No Livro do Eclesiástico, encontramos também sábios conselhos em relação ao cuidado no falar a respeito da vida de nossos irmãos e de irmãs: “Não litigues com o tagarela: não jogues lenha na sua fogueira” (8,3); “É terrível, em sua cidade, o homem de língua solta; quem é temerário nas palavras será odiado” (9,18); “Antes do julgamento examina a ti mesmo” (18,20); “Na boca dos estultos está o seu coração, enquanto no coração dos sábios está sua boca” (21,26); “Quando o ímpio maldiz o adversário, é a si mesmo que maldiz” (21,27); “Com o boato, mancha sua alma e será odiado por todos; também quem permanecer com ele será odiado” (21,28); “Tua boca não se habitue a grosserias descontroladas, pois nelas sempre há pecado” (23,13); “Quem se habituou a destratar os outros não se corrigirá pelo resto dos seus dias” (23,15).
Bom, são apenas alguns exemplos de que tudo indubitavelmente seria melhor se, no nosso coração franciscano e na nossa vida, a Palavra de Deus pudesse ocupar com primazia o seu lugar. Quando lemos estes e outros textos, no final de cada leitura dizemos sempre: Palavra do Senhor. Se assim dizemos, porque cremos que seja, espero que Ela receba de fato todo amor e atenção através de nosso jeito franciscano de vivê-la cada dia, com toda a nossa alma e o nossa coração.
Recordo-me do salmista dizendo “Escondi a tua palavra no meu coração, para não pecar contra ti”5. “Esconder a palavra no coração” foi sempre um recurso usado pelos cristãos em épocas de perseguição e de dificuldades, mas quantos de nós realmente nos preocupamos em guardar a Palavra de Deus no coração para não pecar contra Deus? Espero que todos nós, pois sabemos que assim, franciscanamente, devemos em todo tempo fazer.

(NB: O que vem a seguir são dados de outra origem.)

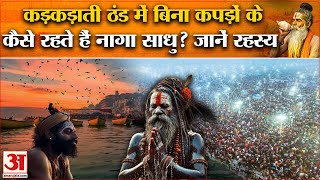 MahaKumbh 2025: इस वजह से बिना कपड़ों के Naga Sadhu को नहीं लगती है ठंड? Prayagraj । UP News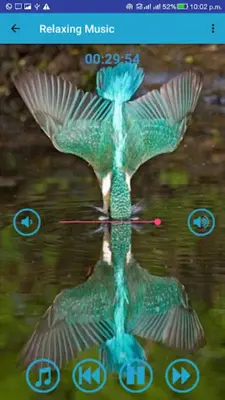 Relaxing Nature Music android App screenshot 1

Não podemos jamais nos esquecer de que o Seráfico Pai São Francisco de Assis amava e praticava com fidelidade a Palavra de Deus. Ela estava definitivamente inscrita no seu coração e na sua alma. Por isso, lembremo-nos incessantemente que “A Palavra de Deus é viva, eficaz e mais penetrante que qualquer espada de dois gumes. Penetra até dividir alma e espírito, articulações e medulas. Julga os pensamentos e as intenções do coração”6. Que o Senhor nos ensine a viver a sua Palavra com o mesmo amor, radicalidade e fidelidade que o Seráfico Pai São Francisco de Assis a viveu!
Desejo que minhas humildes palavras, talvez, lhes sirvam para um bom momento de reflexão. Se assim for,
Boa reflexão, então!
Convento São Francisco, Campo Grande, MS, 02 de setembro de 2020.